1. Condition suspensive sans terme fixe stipulée dans la promesse de vente

2. Modalités de désignation du syndic de copropriété

3. Recours du syndic contre une décision administrative

4. Propriété du sous-sol

5. Indexation du loyer

6. Concours du bailleur à la  sous-location

7. Cumul de rémunération de l’agent immobilier

1. Condition suspensive sans terme fixe stipulée dans la promesse de vente

3ème Civ. 20 mai 2015 (n°14-11.851) FS-PB :

Par un acte sous seing privé du 1er novembre 2004, un propriétaire a vendu une parcelle de terre à un acquéreur sous la condition suspensive de l’obtention d’un certificat d’urbanisme. Le 21 mai 2010, l’acquéreur a assigné les héritiers du vendeur afin d’obtenir la réitération de la vente.

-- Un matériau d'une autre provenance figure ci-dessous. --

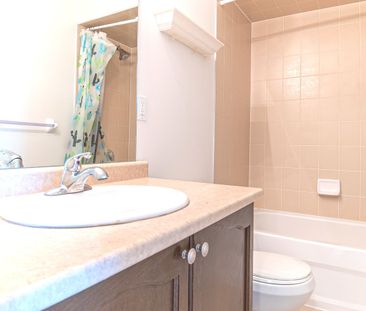 For Lease - 2435 Greenwich Drive Unit# 55, Oakville, Ontario - Photo 5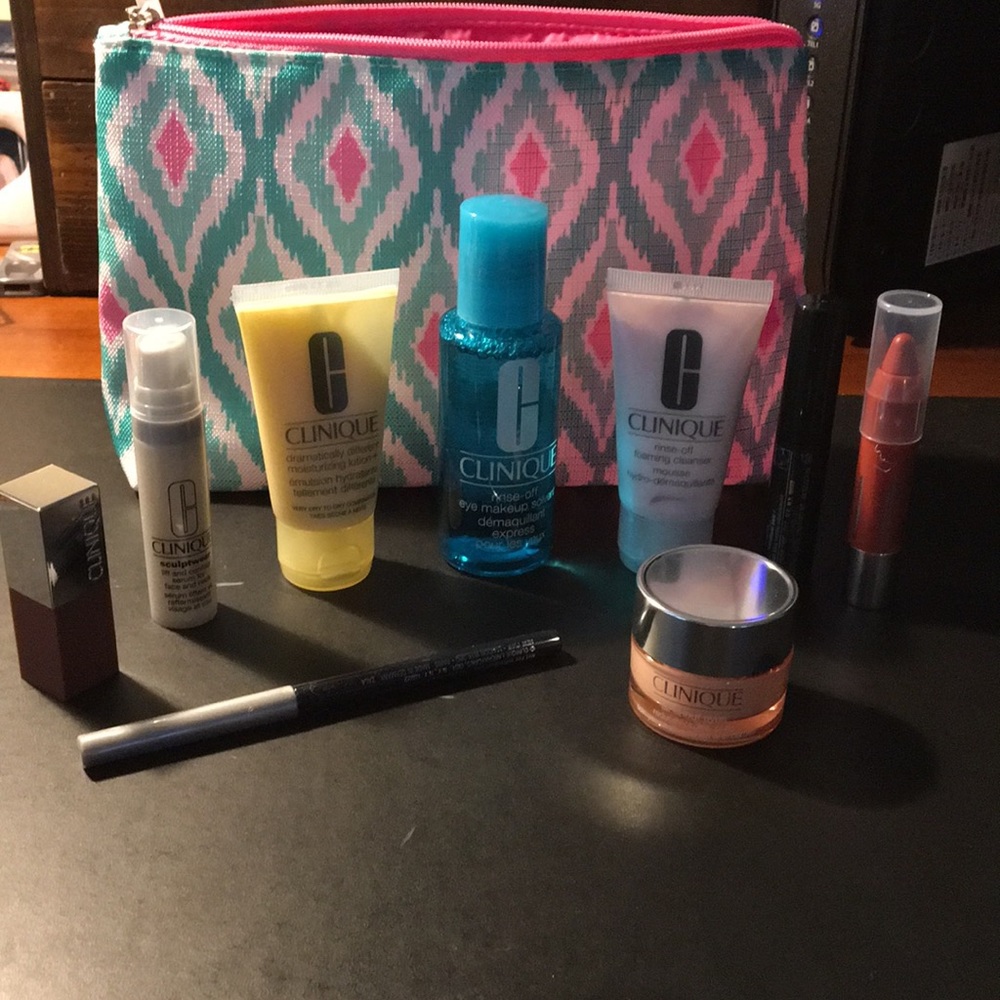 10 piece Clinique make up set. New unused products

La Cour de cassation a confirmé l’arrêt d’appel rejetant cette demande. La cour d’appel avait d’une part relevé que le certificat d’urbanisme n’avait été demandé que plusieurs années après la signature du contrat de vente et postérieurement à l’introduction de l’instance. Elle avait considéré d’autre part, que la stipulation d’une condition suspensive sans terme fixe ne pouvait pour autant conférer à l’obligation un caractère perpétuel. Ainsi, en l’absence d’indexation du prix et de coefficient de revalorisation, la cour avait retenu que les parties avaient eu la commune intention de fixer un délai raisonnable pour la réalisation de la condition suspensive et en avait déduit que la promesse de vente était caduque.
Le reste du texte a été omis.